Please repeat only the lines below starting at the line that holds "Earthlite Flex-Rest Headrest" and ending at the line that holds "يلّا سوبر آب", exactly, with both of those lines included and every picture omitted.

Data supplied:
%%

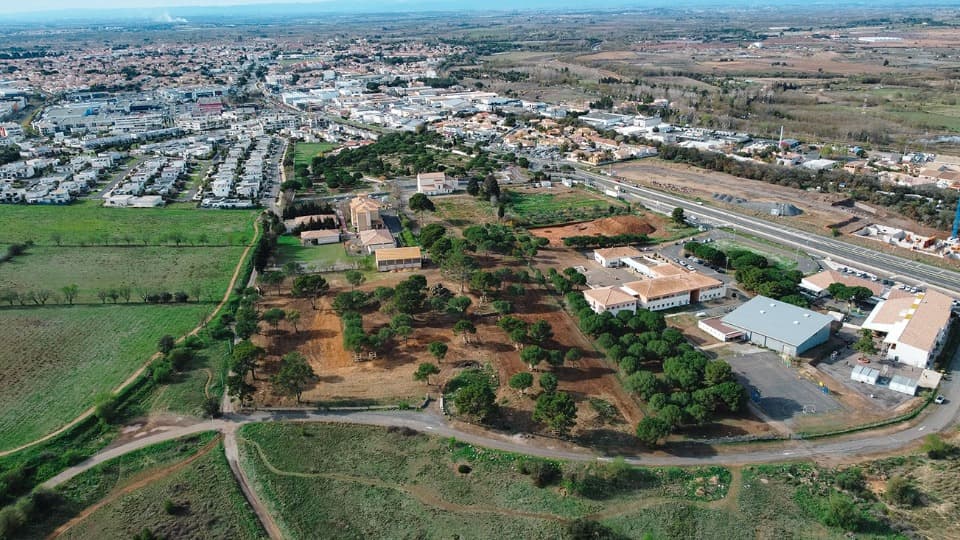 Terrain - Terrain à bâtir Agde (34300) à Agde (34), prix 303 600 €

%%
%%

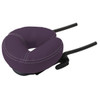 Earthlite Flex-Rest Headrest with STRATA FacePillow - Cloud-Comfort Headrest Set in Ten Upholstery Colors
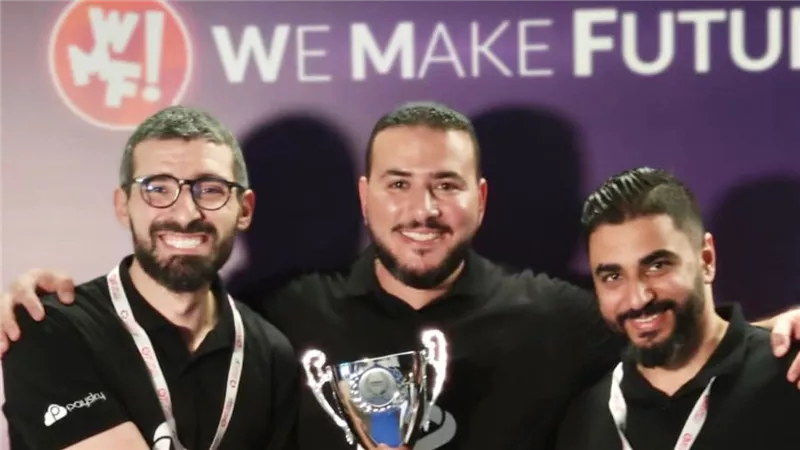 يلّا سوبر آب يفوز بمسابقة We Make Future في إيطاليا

%%
%%

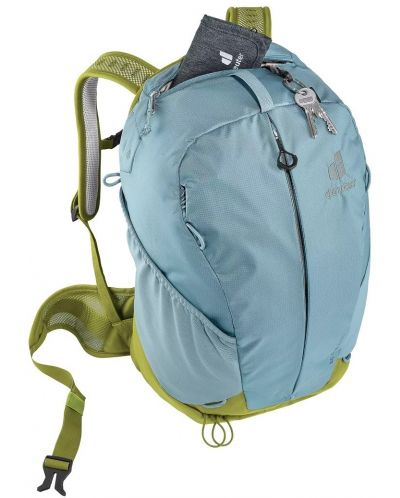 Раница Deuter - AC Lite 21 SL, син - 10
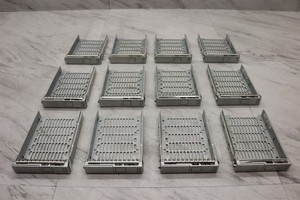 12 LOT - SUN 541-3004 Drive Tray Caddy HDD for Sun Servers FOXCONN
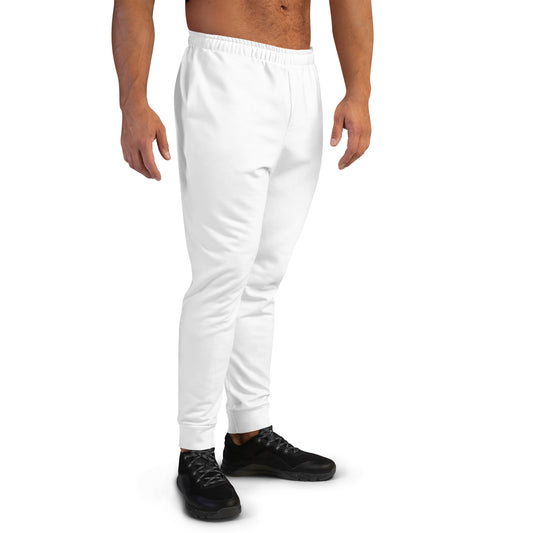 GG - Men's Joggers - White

%%

Exercise answer:
 Earthlite Flex-Rest Headrest with STRATA FacePillow - Cloud-Comfort Headrest Set in Ten Upholstery Colors
 يلّا سوبر آب يفوز بمسابقة We Make Future في إيطاليا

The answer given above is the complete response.